The Matike Mai report is part of a landscape of constitutional work in recent times including two other expert-led dialogues by the Constitutional Advisory Panel published by the New Zealand Government (2013) and Constitution Aotearoa led by Sir Geoffrey Palmer and Andrew Butler (2017).

He Puapua is a report commissioned by New Zealand government agency Te Puni Kōkiri in 2019 to create a plan to realise the UN declaration on the rights of Indigenous peoples (UNDRIP) in New Zealand. This report includes reference to the Matike Mai Aotearoa Report.
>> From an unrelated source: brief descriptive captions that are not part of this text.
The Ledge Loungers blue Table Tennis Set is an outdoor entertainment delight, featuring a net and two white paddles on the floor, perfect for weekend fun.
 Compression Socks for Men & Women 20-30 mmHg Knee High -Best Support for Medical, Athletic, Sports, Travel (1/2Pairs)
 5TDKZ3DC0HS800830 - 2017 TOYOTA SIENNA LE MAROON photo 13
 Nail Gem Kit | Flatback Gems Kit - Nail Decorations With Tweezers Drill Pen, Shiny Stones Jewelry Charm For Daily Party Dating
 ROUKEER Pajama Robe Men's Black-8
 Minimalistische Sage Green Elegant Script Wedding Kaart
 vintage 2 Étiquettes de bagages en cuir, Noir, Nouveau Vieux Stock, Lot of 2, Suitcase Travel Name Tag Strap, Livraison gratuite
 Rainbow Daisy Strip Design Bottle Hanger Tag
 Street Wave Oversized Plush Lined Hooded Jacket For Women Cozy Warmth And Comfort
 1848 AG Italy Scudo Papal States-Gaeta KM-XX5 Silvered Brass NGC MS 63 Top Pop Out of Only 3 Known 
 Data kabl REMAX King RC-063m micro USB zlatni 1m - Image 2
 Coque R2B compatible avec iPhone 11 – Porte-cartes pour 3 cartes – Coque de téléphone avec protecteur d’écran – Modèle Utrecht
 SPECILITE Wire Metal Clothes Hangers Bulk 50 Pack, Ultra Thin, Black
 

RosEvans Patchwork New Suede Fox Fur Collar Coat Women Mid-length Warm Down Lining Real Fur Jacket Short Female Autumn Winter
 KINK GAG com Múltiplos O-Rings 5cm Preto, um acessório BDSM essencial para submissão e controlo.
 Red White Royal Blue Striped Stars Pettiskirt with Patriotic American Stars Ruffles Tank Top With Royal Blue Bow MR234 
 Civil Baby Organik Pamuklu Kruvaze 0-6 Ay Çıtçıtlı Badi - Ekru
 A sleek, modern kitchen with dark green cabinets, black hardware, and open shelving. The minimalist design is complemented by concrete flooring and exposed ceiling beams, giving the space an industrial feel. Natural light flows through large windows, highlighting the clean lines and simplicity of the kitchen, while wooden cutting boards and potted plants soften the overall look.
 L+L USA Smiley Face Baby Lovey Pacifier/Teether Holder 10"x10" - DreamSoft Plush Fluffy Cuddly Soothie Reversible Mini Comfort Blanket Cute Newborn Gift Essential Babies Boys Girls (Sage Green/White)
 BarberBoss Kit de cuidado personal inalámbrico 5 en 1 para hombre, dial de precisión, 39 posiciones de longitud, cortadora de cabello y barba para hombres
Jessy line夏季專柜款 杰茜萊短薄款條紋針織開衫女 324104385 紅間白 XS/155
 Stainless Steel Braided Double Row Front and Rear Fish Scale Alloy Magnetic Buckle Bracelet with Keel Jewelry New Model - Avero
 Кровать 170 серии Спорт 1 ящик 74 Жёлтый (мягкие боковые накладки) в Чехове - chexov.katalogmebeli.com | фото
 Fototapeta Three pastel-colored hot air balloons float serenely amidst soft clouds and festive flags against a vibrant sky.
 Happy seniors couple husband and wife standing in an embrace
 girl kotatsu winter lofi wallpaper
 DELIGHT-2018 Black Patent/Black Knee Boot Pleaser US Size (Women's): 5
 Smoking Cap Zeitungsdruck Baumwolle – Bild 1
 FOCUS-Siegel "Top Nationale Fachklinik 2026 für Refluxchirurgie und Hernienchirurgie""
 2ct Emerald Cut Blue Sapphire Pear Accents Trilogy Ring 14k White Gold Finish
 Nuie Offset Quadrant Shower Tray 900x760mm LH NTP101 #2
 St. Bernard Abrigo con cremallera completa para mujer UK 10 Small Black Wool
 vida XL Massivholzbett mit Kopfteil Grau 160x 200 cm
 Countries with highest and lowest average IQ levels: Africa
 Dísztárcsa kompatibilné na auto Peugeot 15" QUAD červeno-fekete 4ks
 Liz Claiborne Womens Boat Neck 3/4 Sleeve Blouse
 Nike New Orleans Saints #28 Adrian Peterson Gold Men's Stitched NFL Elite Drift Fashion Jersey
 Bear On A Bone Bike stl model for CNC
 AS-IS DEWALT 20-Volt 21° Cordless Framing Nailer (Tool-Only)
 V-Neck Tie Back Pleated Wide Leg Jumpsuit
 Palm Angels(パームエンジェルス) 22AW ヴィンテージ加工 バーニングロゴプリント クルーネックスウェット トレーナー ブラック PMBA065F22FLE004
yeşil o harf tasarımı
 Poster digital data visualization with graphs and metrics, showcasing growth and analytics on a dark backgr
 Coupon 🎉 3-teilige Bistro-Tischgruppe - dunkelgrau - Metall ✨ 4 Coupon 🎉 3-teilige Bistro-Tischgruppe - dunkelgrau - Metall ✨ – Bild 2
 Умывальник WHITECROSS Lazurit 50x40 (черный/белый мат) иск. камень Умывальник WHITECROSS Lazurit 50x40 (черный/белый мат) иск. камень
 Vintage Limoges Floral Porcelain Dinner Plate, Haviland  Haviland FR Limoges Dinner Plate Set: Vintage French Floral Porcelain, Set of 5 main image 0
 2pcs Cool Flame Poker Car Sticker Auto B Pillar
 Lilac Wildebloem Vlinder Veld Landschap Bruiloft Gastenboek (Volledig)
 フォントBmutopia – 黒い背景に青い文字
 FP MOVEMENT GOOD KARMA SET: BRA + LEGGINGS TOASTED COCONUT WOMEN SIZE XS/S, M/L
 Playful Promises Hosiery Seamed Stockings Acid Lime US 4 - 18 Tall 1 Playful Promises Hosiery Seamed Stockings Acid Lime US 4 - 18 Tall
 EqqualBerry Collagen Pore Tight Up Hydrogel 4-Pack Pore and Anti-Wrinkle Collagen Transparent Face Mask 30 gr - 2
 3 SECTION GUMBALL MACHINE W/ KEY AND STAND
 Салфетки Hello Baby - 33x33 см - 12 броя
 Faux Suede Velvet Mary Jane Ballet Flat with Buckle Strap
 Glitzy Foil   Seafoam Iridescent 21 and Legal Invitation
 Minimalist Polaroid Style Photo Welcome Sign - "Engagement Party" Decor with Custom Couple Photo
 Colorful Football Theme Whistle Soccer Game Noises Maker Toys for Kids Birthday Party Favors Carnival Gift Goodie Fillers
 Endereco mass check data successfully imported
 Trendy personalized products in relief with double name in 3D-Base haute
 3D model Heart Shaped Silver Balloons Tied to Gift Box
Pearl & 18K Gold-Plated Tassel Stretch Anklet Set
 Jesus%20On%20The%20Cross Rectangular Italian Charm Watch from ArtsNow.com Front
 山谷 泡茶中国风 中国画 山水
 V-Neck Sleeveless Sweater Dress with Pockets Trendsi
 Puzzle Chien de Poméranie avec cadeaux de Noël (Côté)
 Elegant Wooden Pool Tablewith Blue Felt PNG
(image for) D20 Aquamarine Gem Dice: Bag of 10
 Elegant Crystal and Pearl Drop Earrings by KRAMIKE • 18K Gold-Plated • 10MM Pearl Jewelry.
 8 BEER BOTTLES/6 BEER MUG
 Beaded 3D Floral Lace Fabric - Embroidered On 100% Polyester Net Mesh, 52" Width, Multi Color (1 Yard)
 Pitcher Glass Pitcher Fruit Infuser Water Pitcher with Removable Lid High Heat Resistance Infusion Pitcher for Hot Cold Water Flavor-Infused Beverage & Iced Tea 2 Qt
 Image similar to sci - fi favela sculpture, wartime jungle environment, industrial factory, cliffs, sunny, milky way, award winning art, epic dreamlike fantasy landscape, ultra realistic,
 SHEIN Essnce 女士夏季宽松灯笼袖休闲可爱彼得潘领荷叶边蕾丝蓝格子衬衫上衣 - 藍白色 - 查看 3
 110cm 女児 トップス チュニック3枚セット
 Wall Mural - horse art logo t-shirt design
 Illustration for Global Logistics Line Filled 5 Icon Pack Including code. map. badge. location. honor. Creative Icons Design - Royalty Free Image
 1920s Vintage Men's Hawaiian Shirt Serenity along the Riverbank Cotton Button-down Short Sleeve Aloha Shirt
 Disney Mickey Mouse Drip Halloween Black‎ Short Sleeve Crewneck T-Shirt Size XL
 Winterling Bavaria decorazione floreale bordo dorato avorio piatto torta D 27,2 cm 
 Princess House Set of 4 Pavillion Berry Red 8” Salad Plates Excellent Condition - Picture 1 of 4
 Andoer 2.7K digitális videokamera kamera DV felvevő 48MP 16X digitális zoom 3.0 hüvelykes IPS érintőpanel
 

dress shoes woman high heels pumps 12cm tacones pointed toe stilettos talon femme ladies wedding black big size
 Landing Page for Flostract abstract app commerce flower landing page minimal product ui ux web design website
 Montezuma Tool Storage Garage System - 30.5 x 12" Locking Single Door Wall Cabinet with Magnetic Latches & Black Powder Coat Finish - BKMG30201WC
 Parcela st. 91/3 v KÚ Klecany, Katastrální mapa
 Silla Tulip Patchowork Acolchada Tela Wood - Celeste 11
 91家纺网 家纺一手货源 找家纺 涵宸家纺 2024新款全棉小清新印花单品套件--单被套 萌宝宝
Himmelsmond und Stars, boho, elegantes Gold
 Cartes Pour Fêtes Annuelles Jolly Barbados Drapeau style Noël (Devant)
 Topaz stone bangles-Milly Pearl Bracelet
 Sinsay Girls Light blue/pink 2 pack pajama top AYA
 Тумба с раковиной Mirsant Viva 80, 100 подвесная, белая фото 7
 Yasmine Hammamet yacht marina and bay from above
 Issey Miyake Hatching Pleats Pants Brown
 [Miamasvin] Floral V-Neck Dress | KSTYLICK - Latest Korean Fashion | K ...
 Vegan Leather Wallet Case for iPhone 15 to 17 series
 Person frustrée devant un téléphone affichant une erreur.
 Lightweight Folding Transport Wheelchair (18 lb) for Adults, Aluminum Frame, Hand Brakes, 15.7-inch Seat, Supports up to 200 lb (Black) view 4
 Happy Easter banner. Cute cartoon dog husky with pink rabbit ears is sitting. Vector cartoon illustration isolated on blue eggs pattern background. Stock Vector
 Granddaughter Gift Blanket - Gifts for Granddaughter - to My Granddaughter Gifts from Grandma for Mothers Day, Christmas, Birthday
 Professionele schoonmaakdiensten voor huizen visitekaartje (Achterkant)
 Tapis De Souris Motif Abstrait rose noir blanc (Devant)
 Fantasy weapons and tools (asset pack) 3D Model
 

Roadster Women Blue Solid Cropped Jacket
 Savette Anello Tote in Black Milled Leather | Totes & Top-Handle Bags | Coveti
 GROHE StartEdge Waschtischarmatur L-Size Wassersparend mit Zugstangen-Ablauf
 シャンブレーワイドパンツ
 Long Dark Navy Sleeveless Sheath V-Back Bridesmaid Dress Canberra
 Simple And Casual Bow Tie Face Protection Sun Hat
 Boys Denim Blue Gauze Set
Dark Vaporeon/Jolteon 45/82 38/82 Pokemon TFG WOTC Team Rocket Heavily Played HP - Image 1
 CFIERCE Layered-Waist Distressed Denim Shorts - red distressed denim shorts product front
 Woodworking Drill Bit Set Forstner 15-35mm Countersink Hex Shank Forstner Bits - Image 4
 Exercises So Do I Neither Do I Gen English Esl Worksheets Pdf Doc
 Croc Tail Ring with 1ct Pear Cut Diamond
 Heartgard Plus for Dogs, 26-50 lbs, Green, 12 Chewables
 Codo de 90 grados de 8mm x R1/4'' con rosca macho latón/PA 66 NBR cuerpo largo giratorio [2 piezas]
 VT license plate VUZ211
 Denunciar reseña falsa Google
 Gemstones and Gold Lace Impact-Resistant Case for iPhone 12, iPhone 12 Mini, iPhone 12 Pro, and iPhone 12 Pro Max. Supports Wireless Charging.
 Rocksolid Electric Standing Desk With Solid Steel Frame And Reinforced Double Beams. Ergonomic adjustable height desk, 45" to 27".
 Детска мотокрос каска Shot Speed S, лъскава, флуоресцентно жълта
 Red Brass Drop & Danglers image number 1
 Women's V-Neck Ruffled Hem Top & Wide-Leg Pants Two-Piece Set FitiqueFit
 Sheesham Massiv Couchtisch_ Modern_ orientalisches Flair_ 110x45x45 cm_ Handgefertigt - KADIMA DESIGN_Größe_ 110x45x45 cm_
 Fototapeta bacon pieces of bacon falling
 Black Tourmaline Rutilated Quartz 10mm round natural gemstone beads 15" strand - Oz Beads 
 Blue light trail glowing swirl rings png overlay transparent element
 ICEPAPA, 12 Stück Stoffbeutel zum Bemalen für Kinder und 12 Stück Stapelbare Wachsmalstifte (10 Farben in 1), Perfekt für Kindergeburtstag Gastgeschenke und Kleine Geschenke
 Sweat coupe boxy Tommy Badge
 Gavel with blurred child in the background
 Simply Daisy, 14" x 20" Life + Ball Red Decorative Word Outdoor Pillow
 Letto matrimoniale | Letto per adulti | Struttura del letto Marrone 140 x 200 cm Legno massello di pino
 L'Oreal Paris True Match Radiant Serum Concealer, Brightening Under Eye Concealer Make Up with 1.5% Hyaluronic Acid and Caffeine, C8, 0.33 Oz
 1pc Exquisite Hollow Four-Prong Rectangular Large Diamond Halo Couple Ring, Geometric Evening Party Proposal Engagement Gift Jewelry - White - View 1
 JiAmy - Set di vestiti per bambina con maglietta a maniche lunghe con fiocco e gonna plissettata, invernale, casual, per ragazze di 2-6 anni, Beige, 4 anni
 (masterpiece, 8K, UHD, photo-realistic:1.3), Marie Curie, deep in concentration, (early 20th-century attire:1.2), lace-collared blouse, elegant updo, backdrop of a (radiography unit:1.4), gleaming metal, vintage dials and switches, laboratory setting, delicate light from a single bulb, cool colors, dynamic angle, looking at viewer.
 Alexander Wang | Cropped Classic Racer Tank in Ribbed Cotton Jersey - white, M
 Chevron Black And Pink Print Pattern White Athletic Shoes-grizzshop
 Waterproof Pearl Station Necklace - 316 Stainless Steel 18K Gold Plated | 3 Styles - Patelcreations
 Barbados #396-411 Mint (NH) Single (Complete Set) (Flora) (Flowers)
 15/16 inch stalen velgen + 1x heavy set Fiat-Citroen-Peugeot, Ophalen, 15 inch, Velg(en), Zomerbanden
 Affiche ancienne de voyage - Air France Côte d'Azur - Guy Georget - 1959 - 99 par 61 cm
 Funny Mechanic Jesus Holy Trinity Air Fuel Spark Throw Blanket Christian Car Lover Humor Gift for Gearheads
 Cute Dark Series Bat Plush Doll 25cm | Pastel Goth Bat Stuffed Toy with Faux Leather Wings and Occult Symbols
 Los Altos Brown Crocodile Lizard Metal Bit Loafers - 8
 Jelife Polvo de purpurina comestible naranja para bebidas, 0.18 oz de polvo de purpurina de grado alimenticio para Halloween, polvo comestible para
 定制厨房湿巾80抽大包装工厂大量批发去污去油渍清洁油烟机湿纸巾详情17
=== Contributing members of the working group ===
During the development of the report there were 28 contributing members to the working group as listed in the appendix of the report, as follows:

- Jaroz Adams
- Awanui Black
- Dr. Maria Bargh
- Rikirangi Gage
- Te Huia Bill Hamilton
- Moana Jackson
- Dr. Carwyn Jones
- Vapi Kupenga (Kaumātua)
- Apirana Mahuika (1934 – 2015) (Kaumātua)
- Ani Mikaere
- Professor Margaret Mutu
- Mereana Pitman
- Dr. Helen Potter
- Willow-Jean Prime
- Malcolm Mulholland
- Tania Rangiheuea
- George Riley
- Hone Sadler (Kaumātua)
- Mike Smith (Video Production)
- Kingi Snelgar
- Dayle Takitimu
- Veronica Tawhai
- Dr. Joseph Te Rito
- Kukupa Tirikatene (Kaumātua)
- Kiri Toki
- Valmaine Toki
- Huirangi Waikerepuru (Kaumātua)
- Lily Wilcox (Kaumātua)

== Rangatahi rōpū (youth group) ==
Veronica Tawhai co-ordinated Matike Mai Aotearoa Rangatahi Youth for Constitutional Transformation to get perspectives from young people and 70 meetings and workshops were held around New Zealand. This ended up being a comprehensive report in its own right drawing from thirteen different regional groups and ran between 2012 and 2017. Members included spokesperson Ngaa Rauuira Puumanawawhiti and Pania Newton. The workshops used digital media and theatrical group activities to gain perspectives with young people at secondary schools, Wharekura, tertiary providers, community centres and youth justice centres. Puumanawhiti said: "Young voices are often not valued or are ignored, yet we are the ones who will shape our future constitution". Matike Mai Aotearoa Rangatahi Youth for Constitutional Transformation was funded by the JR McKenzie Trust, the UN Trust Fund on Indigenous Issues and the New Zealand National Commission for UNESCO.